14 March, 2017 — by Christopher Ratcliff0

You could say that the arrival of Get Out, the horror-movie debut from Jordan Peele, is perfect timing. But to be honest, Get Out could have been released at any point in human history and its message would resonate loud and clear. If you’re not white, you’re on borrowed time.

Get Out - Chris Washington played by Daniel Kaluuya

There’s a certain kind of insidious racism that can too easily go unnoticed. It’s the racism that comes from being white, liberal and harbouring an assumption that racism isn’t that big of a deal anymore. It’s this lack of understanding that can lead people to counter every mention of Black Lives Matter with “All Lives Matter.” A phrase that, at best, comes off as misguided and uneducated, and at worst, duplicitously racist. More than 26o black people were killed by police in the USA during 2016 and black Americans are 2.5 times more likely than white Americans to be shot and killed by police officers. It’s as deadly to be black in America as it’s ever been, and with a White House staffed by white supremacists, there’s a very real danger of racism being legitimised through legislation.

This is the current reality that Get Out has been unleashed upon. It’s a film that comments on both the complicity of white liberals who have let racism spread through ignorance, and the systematic brutality of racism passed down through the generations.

And this is before I’ve even mentioned the fact that Get Out is also a wildly entertaining thriller, filled with incredible performances, neat homages to classic horror movies (The Shining, Halloween, The Stepford Wives) and hysterically funny moments that bizarrely never feel out-of-step. It’s both a slap in the face telling us all to wake up and one of the best satirical horror films ever made.

get out chris washington

Professional photographer Chris Washington (Daniel Kaluuya from the Black Mirror episode Fifteen Million Merits) heads out to the country with his white girlfriend Rose (Alison Williams from Girls) to meet her parents. Chris is nervous; Rose hasn’t revealed to the family that she’s bringing home her black boyfriend, and although Chris is warmly received by the family – his wariness turns into paranoia when conversation moves beyond the awkwardly ingratiating (“I’d have voted for Obama for a third term”) to the hostile – Chris is warned by an oddly incognisant black guest to “get out” while he can.

I won’t reveal too much about Get Out beyond the set-up, it’s a film that’s best enjoyed with as little information as possible. There’s a satisfying puzzle at its core, the narrative is delicately constructed, foreshadowing is subtly implied and the pay-offs are both unique and cleverly orchestrated.

Get Out is also truly scary, but in the very best ‘tension-wringing air of dread’ manner of all the greatest horrors.
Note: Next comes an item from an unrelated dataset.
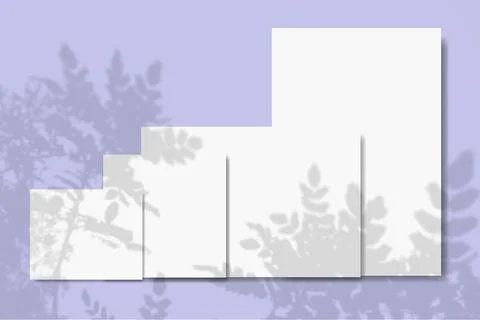 Several horizontal and vertical sheets of white textured paper against a violet Stock Illustration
This is thanks to some meticulous direction from Jordan Peele. Although he may have a background in sketch comedy, Peele suffuses the film with moments of suffocating disquiet (the ‘sunken place’ is particularly gruelling) and exquisitely delivered shocks. Peele takes a few cues from other contemporary horror masterpieces – the artfulness of David Robert Mitchell’s It Follows, the grounded humour of Adam Wingard’s You’re Next and the claustrophobia of Karyn Kusama’s The Invitation – but he’s created something entirely unique with a menace of its own.

get out

The performances are excellent across-the-board. Daniel Kaluuya builds convincingly from withering acceptance to cathartic rage, with the anguish from his backstory permanently bubbling underneath. Unfortunately any more comments about the rest of the brilliant cast would spoil the film too much – but I will say the subtle ‘tells’ of the other black residents who Chris encounters are unnervingly eerie. The soundtrack also adds another layer of satire – the use of a classic Dirty Dancing track while a character drinks white milk and eats dry fruit loops is hilariously arch. While at other times the soundtrack acts as a warning. Childish Gambino’s ‘Redbone’, played during the opening credits, encourages the listener to “stay woke,” and Michael Abels’ score contains a Swahili passage which translates to “something bad is coming, run.”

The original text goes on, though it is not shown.